I wrote a concise function to perform the weighted linear regression of a data set, which is a direct translation of GSL's "gsl_fit_wlinear" function. This is useful if you want to know exactly what your function is doing when it performs the fit
def wlinear_fit (x,y,w) :
Fit (x,y,w) to a linear function, using exact formulae for weighted linear
regression. This code was translated from the GNU Scientific Library (GSL),
it is an exact copy of the function gsl_fit_wlinear.

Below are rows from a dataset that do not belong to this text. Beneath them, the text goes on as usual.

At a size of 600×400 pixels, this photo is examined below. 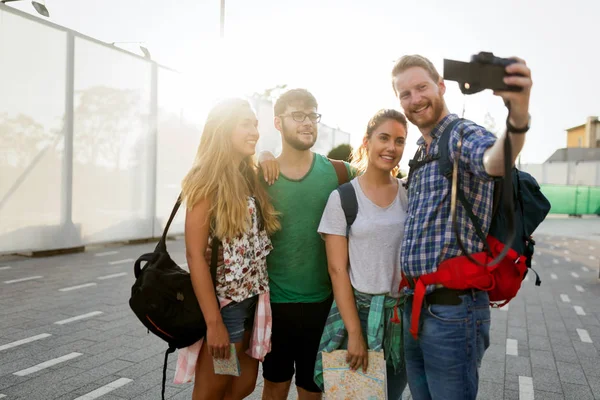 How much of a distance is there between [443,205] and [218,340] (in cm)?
118

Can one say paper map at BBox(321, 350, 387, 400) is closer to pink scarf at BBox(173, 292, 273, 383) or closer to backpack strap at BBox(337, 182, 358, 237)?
pink scarf at BBox(173, 292, 273, 383)

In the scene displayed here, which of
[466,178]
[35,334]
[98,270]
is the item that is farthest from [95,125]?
[466,178]

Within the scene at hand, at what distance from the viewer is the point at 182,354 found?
2.54 metres

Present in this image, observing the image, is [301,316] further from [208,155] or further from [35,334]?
[35,334]

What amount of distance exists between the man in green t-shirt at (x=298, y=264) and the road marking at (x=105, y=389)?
1.38 m

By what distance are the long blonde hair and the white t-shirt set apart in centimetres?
39

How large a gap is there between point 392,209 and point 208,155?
90cm

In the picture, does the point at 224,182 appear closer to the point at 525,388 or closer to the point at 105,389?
the point at 105,389

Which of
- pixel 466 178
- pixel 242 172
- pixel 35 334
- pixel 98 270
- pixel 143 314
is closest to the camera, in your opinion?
pixel 466 178

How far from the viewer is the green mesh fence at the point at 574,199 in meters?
26.9

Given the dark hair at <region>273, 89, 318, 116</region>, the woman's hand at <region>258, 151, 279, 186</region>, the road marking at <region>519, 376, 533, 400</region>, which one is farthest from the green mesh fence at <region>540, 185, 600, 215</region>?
the woman's hand at <region>258, 151, 279, 186</region>

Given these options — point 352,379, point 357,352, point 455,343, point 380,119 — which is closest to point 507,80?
point 455,343

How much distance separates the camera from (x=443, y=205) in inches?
73.3

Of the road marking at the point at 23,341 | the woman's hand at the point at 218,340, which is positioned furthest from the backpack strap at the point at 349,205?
the road marking at the point at 23,341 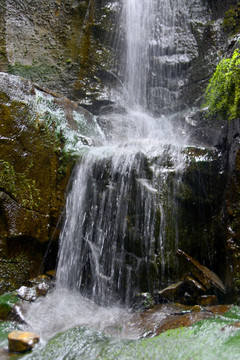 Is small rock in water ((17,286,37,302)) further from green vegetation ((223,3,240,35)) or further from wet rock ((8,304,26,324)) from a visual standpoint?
green vegetation ((223,3,240,35))

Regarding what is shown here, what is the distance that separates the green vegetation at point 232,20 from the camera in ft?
26.6

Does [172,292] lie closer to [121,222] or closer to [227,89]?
[121,222]

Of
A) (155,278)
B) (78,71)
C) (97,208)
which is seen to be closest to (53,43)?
(78,71)

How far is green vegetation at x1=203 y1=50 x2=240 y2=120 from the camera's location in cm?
451

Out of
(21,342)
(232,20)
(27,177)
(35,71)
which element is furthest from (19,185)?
(232,20)

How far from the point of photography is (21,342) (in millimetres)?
2947

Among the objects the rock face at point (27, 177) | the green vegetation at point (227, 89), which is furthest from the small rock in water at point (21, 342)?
the green vegetation at point (227, 89)

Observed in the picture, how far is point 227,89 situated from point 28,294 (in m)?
4.47

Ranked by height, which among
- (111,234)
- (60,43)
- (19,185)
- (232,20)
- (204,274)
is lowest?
(204,274)

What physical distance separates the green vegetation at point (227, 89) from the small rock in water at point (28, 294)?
404 centimetres

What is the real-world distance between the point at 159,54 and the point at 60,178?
593 cm

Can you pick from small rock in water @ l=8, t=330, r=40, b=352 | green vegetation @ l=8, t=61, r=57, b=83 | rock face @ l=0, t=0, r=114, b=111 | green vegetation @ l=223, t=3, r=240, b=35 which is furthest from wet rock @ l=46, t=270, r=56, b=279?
green vegetation @ l=223, t=3, r=240, b=35

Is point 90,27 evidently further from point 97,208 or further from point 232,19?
point 97,208

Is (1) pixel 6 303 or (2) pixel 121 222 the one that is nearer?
(1) pixel 6 303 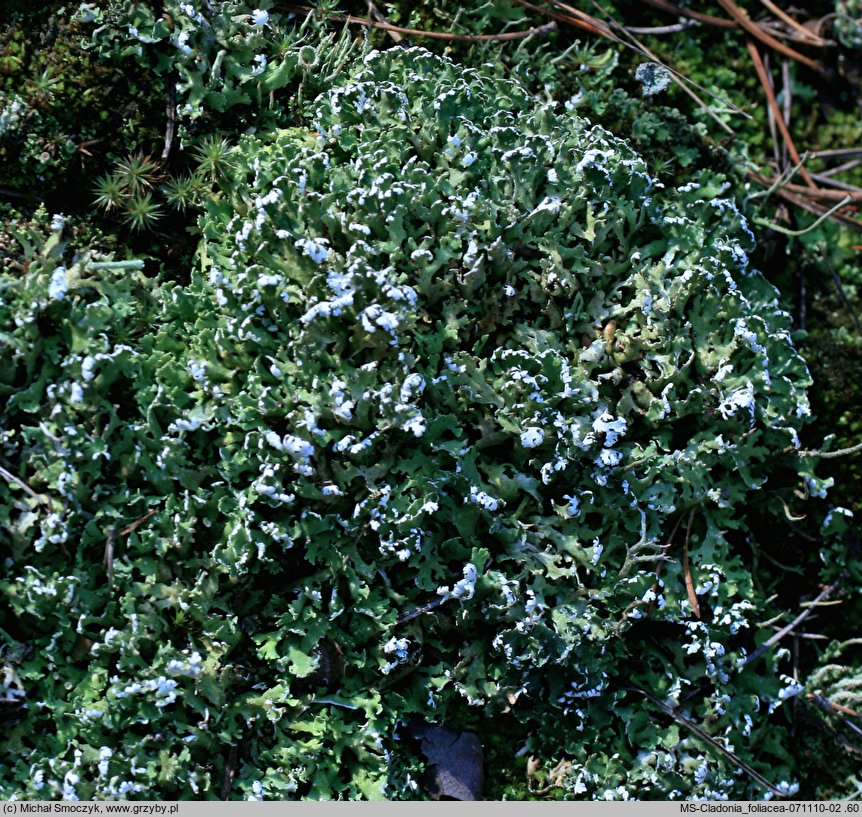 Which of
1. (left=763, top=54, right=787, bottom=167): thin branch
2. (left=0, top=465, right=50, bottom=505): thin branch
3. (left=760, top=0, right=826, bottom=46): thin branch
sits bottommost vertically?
(left=763, top=54, right=787, bottom=167): thin branch

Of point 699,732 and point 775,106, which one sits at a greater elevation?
point 775,106

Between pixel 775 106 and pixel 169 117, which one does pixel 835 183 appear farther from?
pixel 169 117

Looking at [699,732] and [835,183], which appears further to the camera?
[835,183]

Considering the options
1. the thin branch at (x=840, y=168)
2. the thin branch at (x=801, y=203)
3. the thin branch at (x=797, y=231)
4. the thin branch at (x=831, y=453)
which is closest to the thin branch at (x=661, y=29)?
the thin branch at (x=801, y=203)

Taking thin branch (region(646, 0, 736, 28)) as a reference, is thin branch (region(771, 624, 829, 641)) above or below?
below

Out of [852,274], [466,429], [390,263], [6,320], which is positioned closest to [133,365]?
[6,320]

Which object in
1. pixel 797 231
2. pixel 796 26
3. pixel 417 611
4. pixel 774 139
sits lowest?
pixel 417 611

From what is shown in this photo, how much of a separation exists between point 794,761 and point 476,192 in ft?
8.85

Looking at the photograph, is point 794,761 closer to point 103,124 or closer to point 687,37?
point 687,37

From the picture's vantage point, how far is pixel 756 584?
3.87m

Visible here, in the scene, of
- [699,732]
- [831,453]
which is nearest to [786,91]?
[831,453]

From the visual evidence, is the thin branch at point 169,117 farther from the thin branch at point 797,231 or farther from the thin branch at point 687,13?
the thin branch at point 797,231

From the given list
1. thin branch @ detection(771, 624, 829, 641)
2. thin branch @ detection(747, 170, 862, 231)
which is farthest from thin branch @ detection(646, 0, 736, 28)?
thin branch @ detection(771, 624, 829, 641)

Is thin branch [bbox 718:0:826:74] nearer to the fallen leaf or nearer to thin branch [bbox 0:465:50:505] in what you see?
the fallen leaf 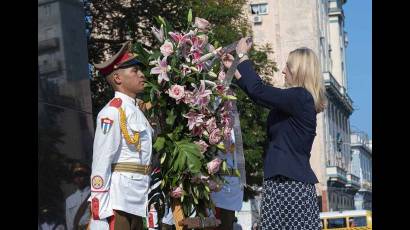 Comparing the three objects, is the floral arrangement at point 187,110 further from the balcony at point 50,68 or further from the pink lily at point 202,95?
the balcony at point 50,68

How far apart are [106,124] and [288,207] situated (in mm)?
1334

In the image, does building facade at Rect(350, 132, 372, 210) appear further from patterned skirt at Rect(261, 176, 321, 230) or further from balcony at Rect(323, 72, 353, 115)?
patterned skirt at Rect(261, 176, 321, 230)

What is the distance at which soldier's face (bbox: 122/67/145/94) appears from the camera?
6270 millimetres

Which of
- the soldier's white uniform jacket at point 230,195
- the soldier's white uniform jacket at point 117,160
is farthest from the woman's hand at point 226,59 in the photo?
the soldier's white uniform jacket at point 230,195

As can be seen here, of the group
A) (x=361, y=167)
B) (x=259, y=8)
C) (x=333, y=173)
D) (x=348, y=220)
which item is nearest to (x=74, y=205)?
(x=348, y=220)

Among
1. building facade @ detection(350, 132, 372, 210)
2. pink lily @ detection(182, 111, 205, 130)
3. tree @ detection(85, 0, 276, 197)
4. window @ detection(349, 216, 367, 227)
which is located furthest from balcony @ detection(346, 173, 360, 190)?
pink lily @ detection(182, 111, 205, 130)

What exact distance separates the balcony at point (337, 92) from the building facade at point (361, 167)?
42.3 feet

# compute the weighted means and weighted deviations from the means
# wm denotes a "weighted mean", wm(f) = (sum_i w_i f_i) / (sum_i w_i)
W = np.sum(w)
wm_x = np.average(x,weights=w)
wm_y = np.average(y,weights=w)
dx = x-wm_x
dy = y-wm_y
wm_dx2 = np.average(dx**2,weights=w)
wm_dxdy = np.average(dx*dy,weights=w)
# In terms of y = a + b x
b = wm_dxdy / wm_dx2
a = wm_y - wm_x*b
cov_00 = (1.0/W) * (1.0 + wm_x**2/wm_dx2)
cov_11 = 1.0 / (W*wm_dx2)
cov_01 = -wm_x / (W*wm_dx2)
# Compute chi^2 = \sum w_i (y_i - (a + b * x_i))^2
chi2 = np.sum (w * (y-(a+b*x))**2)
return a,b,cov_00,cov_11,cov_01,chi2
To perform your fit, you would do
a,b,cov_00,cov_11,cov_01,chi2 = wlinear_fit(x_list,y_list,1.0/y_err**2)
Which will return the best estimate for the coefficients a (the intercept) and b (the slope) of the linear regression, along with the elements of the covariance matrix cov_00, cov_01 and cov_11. The best estimate on the error on a is then the square root of cov_00 and the one on b is the square root of cov_11. The weighted sum of the residuals is returned in the chi2 variable.
IMPORTANT: this function accepts inverse variances, not the inverse standard deviations as the weights for the data points.
sklearn.linear_model.LinearRegression supports specification of weights during fit:
x_data = np.array(x_list).reshape(-1, 1) # The model expects shape (n_samples, n_features).
y_data = np.array(y_list)
y_err = np.array(y_err)
model = LinearRegression(), y_data, sample_weight=1/y_err)
Here the sample weight is specified as 1 / y_err. Different versions are possible and often it's a good idea to clip these sample weights to a maximum value in case the y_err varies strongly or has small outliers:
sample_weight = 1 / y_err
sample_weight = np.minimum(sample_weight, MAX_WEIGHT)
where MAX_WEIGHT should be determined from your data (by looking at the y_err or 1 / y_err distributions, e.g. if they have outliers they can be clipped).
I found this document helpful in understanding and setting up my own weighted least squares routine (applicable for any programming language).
Typically learning and using optimized routines is the best way to go but there are times where understanding the guts of a routine is important.